ABOUT

Meghan E. Wren grew up on and in the water and with all sorts of boats, eventually finding herself a sailor on the Schooner PIONEER; the 1877 Barque ELISSA; and on the Brigantine ROMANCE. These ships and their people inspired her to follow her own vision of an indigenous traditional vessel as a champion of ‘her place’, the Delaware Bay. At 23, she founded what has become the Bayshore Center at Bivalve and served for 29 years as its Executive Director. She spearheaded and oversaw the restoration, program development and operation of the 1928 oyster schooner AJ MEERWALD; lobbied and achieved the native NJ workboat’s status as New Jersey’s Official Tall Ship; restored the 1904oyster Shipping Sheds & Wharves in Bivalve as the homeport to the MEERWALD and historic destination; launched the Delaware Bay Museum and created a community and volunteer supported institution for the stewardship of NJ’s Delaware Bayshore.

After Super Storm Sandy devastated many of the NJ’s Delaware Bayshore communities, she chaired the Cumberland County Long Term Recovery Group and the NJ Bayshore Recovery Planning Committee where she raised money and coordinated individual recovery efforts with local, state and federal partners and lead the creation of a plan for resiliency in the region. In 2013 Ms. Wren became the first person to swim the 13.1 miles across the Delaware Bay from DE to NJ; which she did to raise awareness and funds for the Bayshore community’s Sandy recovery.  
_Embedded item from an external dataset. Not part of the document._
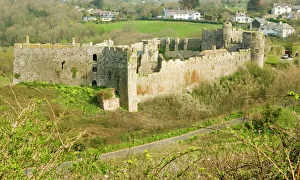 Castle Architecture In Europe Stampe: Manorbier castle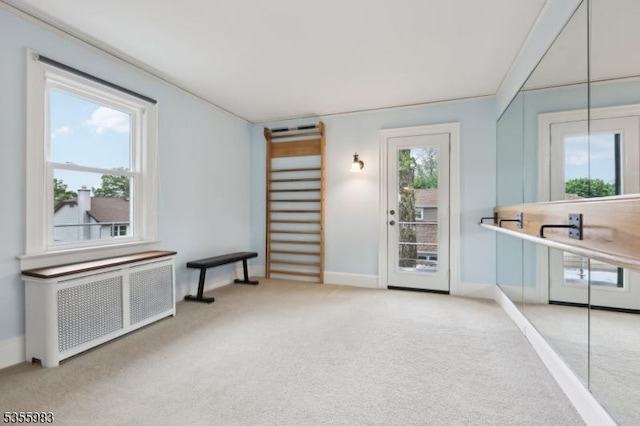 10 Highland Pl, West Orange Twp, NJ 07052 - unfurnished room featuring radiator heating unit, carpet flooring, and baseboards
Under Ms Wren’s leadership the Schooner AJ MEERWALD and the Bayshore Center at Bivalve received numerous awards, including: excellence in historic preservation from the NJ State Historic Preservation Office; Watershed Awareness Award by the NJ Department of Environmental Protection; Governor’s Heritage Tourism Award; the Dr Ruth Patrick Excellence in Education Award by the Water Resources Association of the Delaware River; and Tall Ships America’s 2005 Sea Education Program of the Year Award. Ms Wren is the 2016 Don Turner National Award for Historic Preservation recipient; 2017 EPA Environmental Champion; 2018 Woman of Distinction by the America Association of University Women and was named Sail Trainer of the Year in 2009 by Tall Ships America.